An effective legal reform that is prescribed by the United Nations and adopted by APEC drops the requirement for land—an immovable asset—to allow business to pledge movable assets as collateral. This way, a small business owner can put on the line business equipment, inventory or receivables in exchange for access to formal credit.

APEC has been active in promoting such reforms through assessment report, then capacity building, to some success.

Dennis suggests that Mexico, which implemented comprehensive secured transaction reform five years ago, is a good example of progress in this area.  As of 2019, they’ve had over 7 million registrations. Sixty-eight percent of the registered collateral was non-traditional. Unbanked Mexican entrepreneurs pledged crops, livestock, fish, sewing machines and vacuums for credit at affordable rates.

Affordable Dispute Resolution

Once a business is set up and has begun to trade or provide services abroad, new challenges arise. Micro-business owners that find themselves in a dispute with a business partner on the other side of an international border are unlikely to have the time and financial resources for a long judicial process or in-person arbitration. They will likely drop the case and chalk it off as a loss. The risk involved has deterred many micro businesses from trade across the border or competing in global supply chains.

Globalization and increasing digitalization have increased the number of cross border disputes. Not surprisingly, a survey of small businesses in the APEC region reports an overwhelming need for effective and consistent dispute resolution.

“Micro, small and medium enterprises need a legal environment that promotes a seamless system for trade,” said Dr James Ding, convenor of the Friends of the Chair for Strengthening Economic Legal Infrastructure, a group under APEC’s Economic Committee.  

“Dispute resolution is an essential part of this,” he said. He cites a simple solution: put it online. Online dispute resolution is a cheap and easy way to negotiate, mediate and arbitrate for the effective and efficient settlement of disputes between entities in different economies.

“Online dispute resolution, or ODR can resolve disputes in a simple, fast, flexible and cost-effective manner, without the need for the parties to be physically present for the submission of physical documents,” he said.

APEC’s Economic Committee, which promotes domestic policy reforms in the Asia-Pacific region, recently endorsed a collaboration framework for APEC economies to set up online systems to deal with cross-border disputes.

“The ODR framework is designed to promote confidence among businesses by providing quick electronic resolution and enforcement of disputes across borders, languages, and different legal jurisdictions,” Ding said. “Smaller and medium sized businesses will get an opportunity to compete and flourish in the global supply chain. It also promotes inclusivity, good regional business relationships and entrepreneurship by women.”

The Chair of the Economic Committee, Robert Logie, calls the framework a concrete initiative that harnesses digital technology to increase regional economic cooperation by removing barriers, in this case barriers faced by small businesses.
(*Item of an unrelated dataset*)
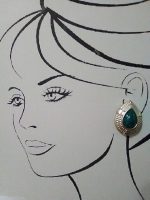 VINTAGE MATTE GOLDTONE CLIP BUTTON EARRINGS W/ GREEN FAUX GEMS LIGHTWEIGHT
“I think the project really shows some of the strengths of APEC as an organization,” he said. “While we’re a consensus-based body, we can also look at good ideas and incubate new initiatives like this one. In this process we have addressed the concerns of the different economies. This approach makes these kinds of initiatives stronger and more likely to make a difference.”

In early September, Chile will be hosting Small and Medium Enterprises Week in Concepcion, Chile, where minister-level government officials in the Asia-Pacific will tackle similar initiatives.

Much progress has been made in the years of work APEC has put into helping smaller enterprises—according to a recent assessment, it is getting easier on average to set up and run a business in APEC economies. Of course, there will always be much room for improvement.